Sunday, January 7, 2018

Understanding Relational Keys - A New Perspective: Primary Keys

Note: Rewritten 1/1/18. This is one of three re-writes of older posts on keys to bring them in line with the McGoveran formalization and interpretation [1] of Codd's true RDM (see second [2] and third [3]). They are abbreviated extracts of the forthcoming rewrite of [4], which proposes a new perspective on relational keys in depth and more detail, distinct from the conventional wisdom of the last five decades. Re-reads are strongly recommended.

Revised: 1/14/18.

"A key is a column or columns that together have no duplicate values across rows. Also the columns must be irreducibly unique, meaning no subset of the columns has this uniqueness ... In most databases primary keys have survived as a vestige, and nowadays merely provide some conveniences rather than reflecting or determining physical layout. For instance declaring a primary key includes a NOT NULL constraint automatically, and defines the default foreign key target in a PostgreSQL table. Primary keys also give a hint that their columns are preferred for joins." --Joe Nelson, SQL Keys in Depth, begriffs.com

Q: "My understanding has always been that a primary key should be immutable, and my searching since reading this answer has only provided answers which reflect the same as a best practice. Under what circumstances would a primary key value need to be altered after the record is created?"

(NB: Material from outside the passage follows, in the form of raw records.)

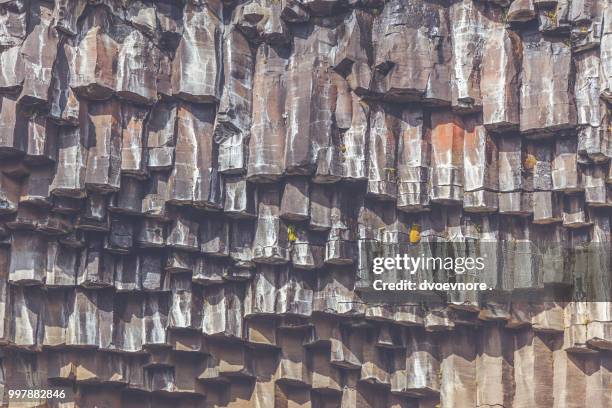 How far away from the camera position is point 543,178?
1604 inches

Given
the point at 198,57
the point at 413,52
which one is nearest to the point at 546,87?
the point at 413,52

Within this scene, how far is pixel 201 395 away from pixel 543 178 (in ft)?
33.6

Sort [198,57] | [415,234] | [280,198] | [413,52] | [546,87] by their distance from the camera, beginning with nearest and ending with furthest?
[546,87] < [413,52] < [415,234] < [280,198] < [198,57]

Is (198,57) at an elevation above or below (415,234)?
above

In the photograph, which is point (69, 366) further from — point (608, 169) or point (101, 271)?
point (608, 169)

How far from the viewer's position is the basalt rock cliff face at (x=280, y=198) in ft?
135

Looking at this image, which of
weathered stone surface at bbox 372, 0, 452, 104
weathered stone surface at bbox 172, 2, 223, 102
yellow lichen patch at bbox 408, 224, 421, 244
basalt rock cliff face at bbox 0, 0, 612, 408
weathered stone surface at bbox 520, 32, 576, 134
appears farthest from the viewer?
weathered stone surface at bbox 172, 2, 223, 102

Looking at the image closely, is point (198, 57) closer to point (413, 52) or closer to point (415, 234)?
point (413, 52)

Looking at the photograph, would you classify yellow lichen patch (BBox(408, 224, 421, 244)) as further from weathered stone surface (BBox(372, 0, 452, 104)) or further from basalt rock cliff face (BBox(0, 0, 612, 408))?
weathered stone surface (BBox(372, 0, 452, 104))

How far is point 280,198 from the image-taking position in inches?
1673

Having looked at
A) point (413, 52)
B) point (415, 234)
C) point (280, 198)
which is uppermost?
point (413, 52)

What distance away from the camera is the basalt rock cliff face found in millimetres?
41125

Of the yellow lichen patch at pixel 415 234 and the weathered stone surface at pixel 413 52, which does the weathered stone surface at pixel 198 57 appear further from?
the yellow lichen patch at pixel 415 234

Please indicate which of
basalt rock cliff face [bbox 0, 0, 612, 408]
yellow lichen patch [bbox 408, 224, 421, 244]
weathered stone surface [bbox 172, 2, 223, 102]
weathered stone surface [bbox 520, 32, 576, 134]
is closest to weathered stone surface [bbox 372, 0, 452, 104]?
basalt rock cliff face [bbox 0, 0, 612, 408] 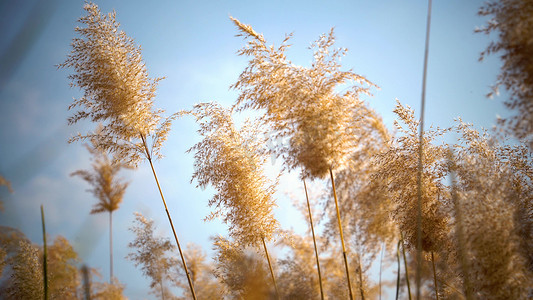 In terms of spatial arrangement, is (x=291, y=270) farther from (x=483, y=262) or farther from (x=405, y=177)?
(x=483, y=262)

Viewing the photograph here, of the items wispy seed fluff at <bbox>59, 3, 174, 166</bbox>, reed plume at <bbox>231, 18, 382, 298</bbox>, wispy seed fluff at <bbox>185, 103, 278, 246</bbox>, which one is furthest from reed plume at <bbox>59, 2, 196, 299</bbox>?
reed plume at <bbox>231, 18, 382, 298</bbox>

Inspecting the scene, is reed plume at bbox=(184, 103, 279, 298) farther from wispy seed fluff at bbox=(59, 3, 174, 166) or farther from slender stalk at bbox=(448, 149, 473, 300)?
slender stalk at bbox=(448, 149, 473, 300)

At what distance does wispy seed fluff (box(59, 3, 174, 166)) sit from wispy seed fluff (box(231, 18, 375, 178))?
45.6 inches

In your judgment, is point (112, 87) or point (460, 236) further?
point (112, 87)

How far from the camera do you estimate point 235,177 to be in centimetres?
304

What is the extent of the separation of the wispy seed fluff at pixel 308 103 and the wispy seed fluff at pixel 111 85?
116 cm

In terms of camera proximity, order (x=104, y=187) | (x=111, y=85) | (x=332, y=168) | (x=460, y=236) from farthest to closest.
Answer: (x=104, y=187) → (x=111, y=85) → (x=332, y=168) → (x=460, y=236)

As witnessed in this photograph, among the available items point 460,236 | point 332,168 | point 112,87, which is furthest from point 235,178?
point 460,236

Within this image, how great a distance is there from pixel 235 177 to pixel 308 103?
3.78 feet

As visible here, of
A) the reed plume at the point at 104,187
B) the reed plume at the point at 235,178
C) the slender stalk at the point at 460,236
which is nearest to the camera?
the slender stalk at the point at 460,236

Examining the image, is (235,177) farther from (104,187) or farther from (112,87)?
(104,187)

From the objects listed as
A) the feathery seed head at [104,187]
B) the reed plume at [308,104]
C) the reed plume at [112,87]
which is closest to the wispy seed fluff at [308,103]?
the reed plume at [308,104]

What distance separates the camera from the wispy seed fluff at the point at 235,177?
9.70 ft

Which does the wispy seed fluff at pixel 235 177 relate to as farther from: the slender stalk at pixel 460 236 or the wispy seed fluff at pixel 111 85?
the slender stalk at pixel 460 236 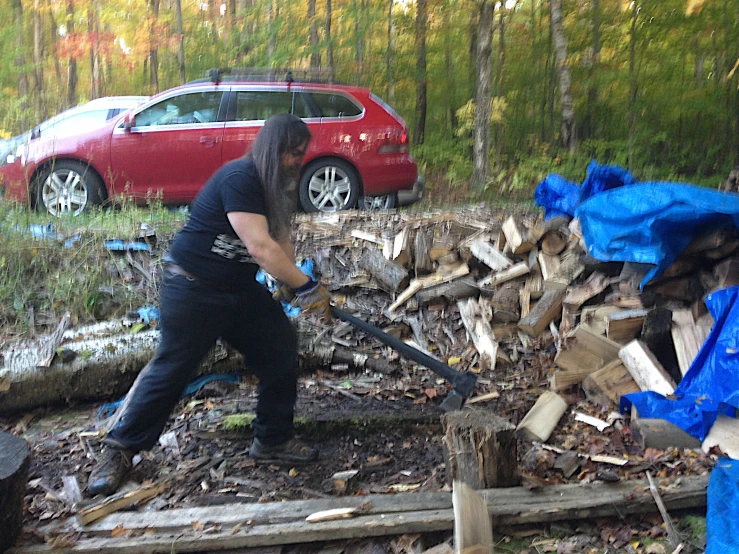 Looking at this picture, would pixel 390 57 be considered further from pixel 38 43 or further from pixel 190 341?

A: "When a primary key is chosen that is not immutable?"
--Why should a primary key change, StackExchange.com

There is a general and persistent lack of foundation knowledge in the industry [5] and keys are not an exception. 70% of searches hitting this site are about keys, just one indication that this fundamental relational feature is poorly understood decades after the RDM. "wading through sixty-four articles, skimming sections in five books, and asking questions on IRC and StackOverflow" to "put the pieces together"? And then what he put together is conventional wisdom (besides, SQL is the last source to go to for really understanding anything in depth, let alone relational features [6].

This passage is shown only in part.